SQL Server – How to Handle Uniqueness of Many Large Columns

sql serversql server 2014unique-constraint

I have the following table:

CREATE TABLE dbo.Document
(
    DocumentId int IDENTITY(1,1) NOT NULL CONSTRAINT PK_DocumentPRIMARY KEY CLUSTERED,
    [Timestamp] datetime2(7) NOT NULL CONSTRAINT DF_Document_Timestamp  DEFAULT (getdate()),
    CreatedBy nvarchar(128) NOT NULL CONSTRAINT DF_Document_CreatedBy  DEFAULT (dbo.getCurrentUser()),
    MonthId int NOT NULL,
    TimeModeId int NOT NULL CONSTRAINT FK_Document_TimeMode REFERENCES usr.TimeMode,
    Key1 bit NOT NULL,
    Key2 int NULL,
    Key3 varchar(max) NULL,   -- sometimes above 8000chars
    Key4 varchar(max) NULL,   -- sometimes above 8000chars
    Key5 varchar(max) NULL,   -- sometimes above 8000chars
    Key6 varchar(max) NULL,   -- sometimes above 8000chars
    Key7 varchar(max) NULL,   -- sometimes above 8000chars
    Key8 int NOT NULL,
    CONSTRAINT FK_Document_BrandType FOREIGN KEY(Key8) REFERENCES dbo.BrandType (Key8),
)

Although I have insisted to find a better natural identifier, I had to deal with the following natural unique tuple:

MonthId, TimeModeId, Key1, ... , Key8

This is way too large for an UNIQUE index (max 900 bytes in SQL Server 2014 or less), so I had to come up with something. My idea is to compute a hash for these columns, so I had a PERSISTED COMPUTED columns as above:

FiltersHash  AS (hashbytes('SHA2_256',(
        (((((((((((((((
            (CONVERT(varchar(10),MonthId)+'|') 
            + CONVERT(varchar(4),TimeModeId))
            +'|')+CONVERT(varchar(4),Key1))
            +'|')+isnull(CONVERT(varchar(max),Key2),''))
            +'|')+isnull(CONVERT(varchar(max),Key3),''))
            +'|')+isnull(CONVERT(varchar(max),Key4),''))
            +'|')+isnull(CONVERT(varchar(max),Key5),''))
            +'|')+isnull(CONVERT(varchar(max),Key6),''))
            +'|')+isnull(CONVERT(varchar(max),Key7),''))
            +'|')+isnull(CONVERT(varchar(4),Key8),''))
        ) PERSISTED,
CONSTRAINT UQ_Document_FiltersHash UNIQUE NONCLUSTERED (FiltersHash),

It proved useful because, through a convoluted scenario, the application tried to duplicate a document.

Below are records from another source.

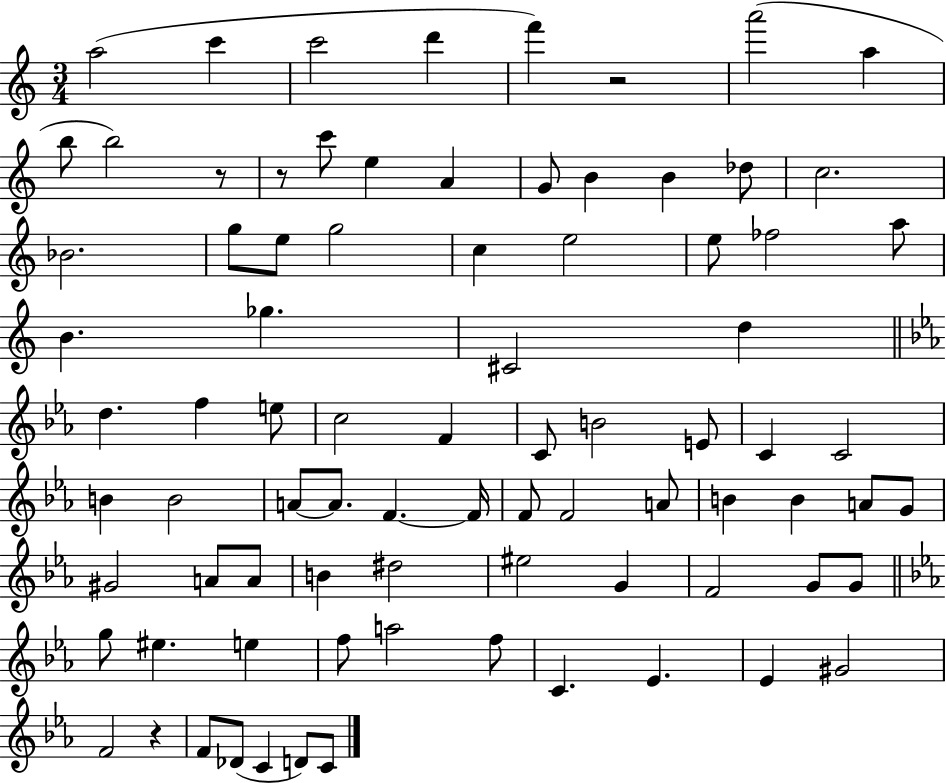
X:1
T:Untitled
M:3/4
L:1/4
K:C
a2 c' c'2 d' f' z2 a'2 a b/2 b2 z/2 z/2 c'/2 e A G/2 B B _d/2 c2 _B2 g/2 e/2 g2 c e2 e/2 _f2 a/2 B _g ^C2 d d f e/2 c2 F C/2 B2 E/2 C C2 B B2 A/2 A/2 F F/4 F/2 F2 A/2 B B A/2 G/2 ^G2 A/2 A/2 B ^d2 ^e2 G F2 G/2 G/2 g/2 ^e e f/2 a2 f/2 C _E _E ^G2 F2 z F/2 _D/2 C D/2 C/2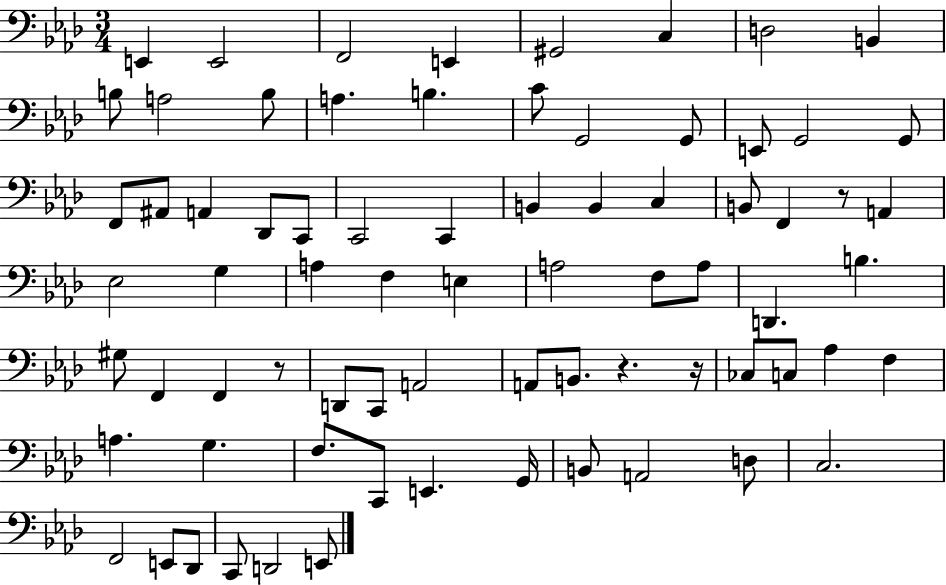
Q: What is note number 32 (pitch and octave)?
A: A2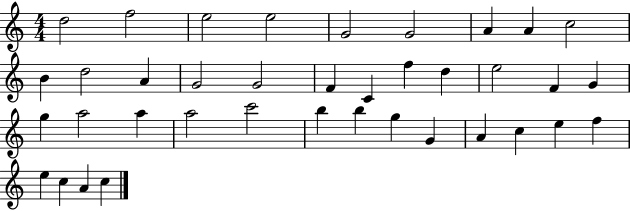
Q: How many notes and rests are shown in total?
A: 38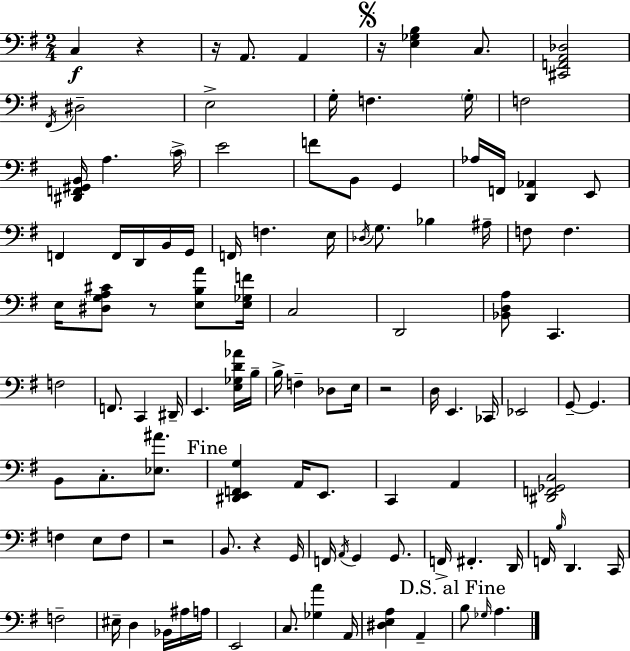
{
  \clef bass
  \numericTimeSignature
  \time 2/4
  \key e \minor
  \repeat volta 2 { c4\f r4 | r16 a,8. a,4 | \mark \markup { \musicglyph "scripts.segno" } r16 <e ges b>4 c8. | <cis, f, a, des>2 | \break \acciaccatura { fis,16 } dis2-- | e2-> | g16-. f4. | \parenthesize g16-. f2 | \break <dis, f, gis, b,>16 a4. | \parenthesize c'16-> e'2 | f'8 b,8 g,4 | aes16 f,16 <d, aes,>4 e,8 | \break f,4 f,16 d,16 b,16 | g,16 f,16 f4. | e16 \acciaccatura { des16 } g8. bes4 | ais16-- f8 f4. | \break e16 <dis g a cis'>8 r8 <e b a'>8 | <e ges f'>16 c2 | d,2 | <bes, d a>8 c,4. | \break f2 | f,8. c,4 | dis,16-- e,4. | <e ges d' aes'>16 b16-- b16-> f4-- des8 | \break e16 r2 | d16 e,4. | ces,16 ees,2 | g,8--~~ g,4. | \break b,8 c8.-. <ees ais'>8. | \mark "Fine" <dis, e, f, g>4 a,16 e,8. | c,4 a,4 | <dis, f, ges, c>2 | \break f4 e8 | f8 r2 | b,8. r4 | g,16 f,16 \acciaccatura { a,16 } g,4 | \break g,8. f,16-> fis,4.-. | d,16 f,16 \grace { b16 } d,4. | c,16 f2-- | eis16-- d4 | \break bes,16 ais16 a16 e,2 | c8. <ges a'>4 | a,16 <dis e a>4 | a,4-- \mark "D.S. al Fine" b8 \grace { ges16 } a4. | \break } \bar "|."
}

Question: is this solution a good one or are there simpler or more efficient solutions to the large width uniqueness problem?

Note: In my application, I can safely ignore the collisions (if it ever happens, the consequences are rather small). Thanks to Aaron Bertrand for pointing out.

Best Answer

The chance of a hash collision is pretty astronomical (as discussed elsewhere on Stack Exchange: https://stackoverflow.com/a/4014407). However, you can reduce it further by adding a second key:

...
FiltersHash  AS HASHBYTES('SHA2_256', /* Various fields */) PERSISTED,
KeyPrefixes  AS CAST(Key1 AS CHAR(1) + '|' + CAST(Key2 AS VARCHAR(10))
    + '|' + LEFT(Key3, 100) + '|' + LEFT(Key4, 100)
    + '|' + LEFT(Key5, 100) + '|' + LEFT(Key6, 100)
    + '|' + LEFT(Key7, 100) + '|' + CAST(Key8 AS VARCHAR(10)) PERSISTED
...
CREATE UNIQUE INDEX UQ_Docs_BizKey ON Documents (FiltersHash, KeyPrefixes)

Now two records must match on three fields and the first part of five more. If your data commonly includes vertical pipes, consider an alternative separator. INSERTs into the table will be a little slower, but at your data volumes it's probably not a concern.

As an aside, you're probably better off clustering on MonthID and leaving DocumentID a non-clustered PK, assuming people occasionally run searches by date range ("all documents from June") but rarely search for a range of document IDs.